One analyst, who requested anonymity, said that Albertson’s is making daring moves in a keenly competitive atmosphere.

“I think they are in a very difficult industry, and I think the latest results showed that it’s getting increasingly difficult to grow the top line without bringing down gross margins, which is what happened in the second quar-ter,” he said Sept. 2.

Remnants from last year’s strike remain, the analyst noted.

“They say they’re recovering still,” he said. “Their sales are still 10% below where they were before the strike in the last year.”

Robert Toomey, managing director and securities analyst at RBC Dain Rauscher, Seattle, said that the effects of the strike have dissipated.

“They’re not too much different from the others,” Toomey said.

Produce sales are not immune to the caprices of the marketplace, said Ed Odron, president of Produce Mar-keting Consultants, a Stockton, Calif.-based retail-consulting firm.

“Produce sales are 10% of store sales,” he said. “When sales are down, produce volume is going to be down. That’s just what happens. And, all across the board, it’s kind of soft right now.”

Albertson’s has not stood still in the wake of the five-month-long strike that affected as much as three-quarters of the retail market in Southern California.

Less than a month after the strike ended in February, Albertson’s announced that it was purchasing the East Bridgewater, Mass.-based U.S. grocery business of British supermarket chain J. Sainsbury PLC for more than $2.1 billion.
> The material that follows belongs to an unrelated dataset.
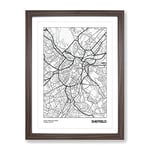 City Map Sheffield Uk Modern Framed Wall Art Print, Ready to Hang Picture for Living Room Bedroom Home Office Décor, Walnut A3 (34 x 46 cm)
The major component of that business was Shaw’s Supermarkets Inc., one of the top-ranked chains in the Northeast.

The deal gave Albertson’s 202 Shaw’s and Star Market stores in the region.

Early indications from the third quarter don’t portend much change, Larry Johnston, chief executive officer of Albertson’s, told analysts during a conference call.
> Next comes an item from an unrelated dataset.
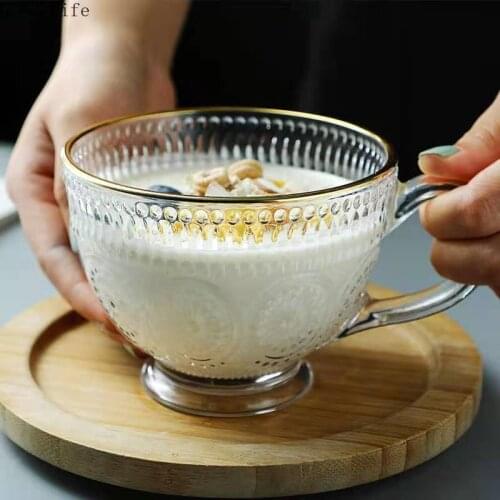 1PC Transparent Creative Glass Coffee Tea Mug Dessert Breakfast Milk Cups With Handle Household Drinkware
Albertson’s also left two markets — Omaha, Neb., and New Orleans — that it deemed unprofitable.

But, early in 2004, the company also launched Extreme Inc., which is rolling out its first price-impact Super Saver stores, in Dallas and Baton Rouge, La.
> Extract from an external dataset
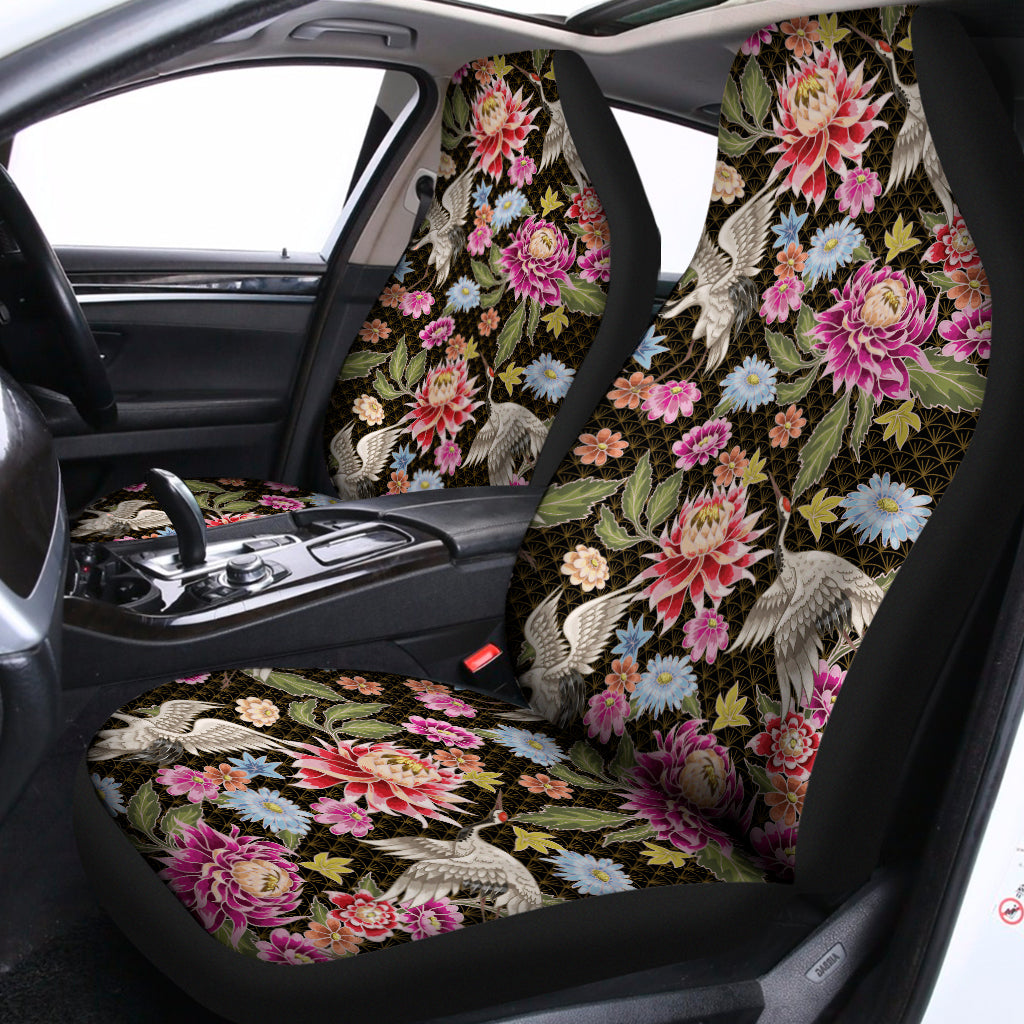 Asian Crane Bird Pattern Print Universal Fit Car Seat Covers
Albertson’s wasn’t the only major retail grocery chain in the doldrums during the quarter, however.

Jacksonville, Fla.-based Winn-Dixie Stores Inc., which operates primarily in the South, saw its shares fall 14% — a drop not seen in a decade — on the New York Stock Exchange.

Shares of Pleasanton, Calif.-based Safeway Inc. and Kroger were down, as well. Safeway shares closed at $20.46 Sept. 1, having ranged between $18.99 and $25.83 in a year. Kroger shares closed at $16.72, with a range of $14.70-19.70.

Albertson’s, Safeway and Kroger have launched various promotional campaigns and cut prices as a way of competing with industry giant Wal-Mart.

But Wal-Mart continues to be the juggernaut of the industry, with its Supercenter format. Wal-Mart shares closed at $52.63, with a 52-week range of $50.50-61.31.

But even Wal-Mart stock has trended downward since peaking in early March.

The general slump has two explanations, said Kurt Barnard, president of Retail Forecasting Group, Upper Montclair, N.J.

“No. 1, the Americans have been bankrupted by the gas pump,” he said. “It leaves them with fewer dollars than they need to do ordinary shopping. No. 2, there’s a pervasive sense in America that jobs are hard to get and easy to lose.”

Barnard said that he does not expect things to improve in the near term.

Toomey said that all traditional retailers were dealing with the same challenges.

“They’re all being impacted by this soft economy that we’re going through,” he said.

Stock prices show strike’s effect

  • Shares for Albertsons, Boise, Idaho, closed Sept. 2 at $24.91 on the New York Stock Exchange. The stock has a 52-week range of $19.20-27.07.

  • The company, which operates 2,500 stores under the Albertsons, Jewel-Osco, Shaw’s and other banners, said profit in the quarter that ended July 29 fell to $125 million, or 34 cents a share, from $162 million, or 44 cents share, for the same period in 2003.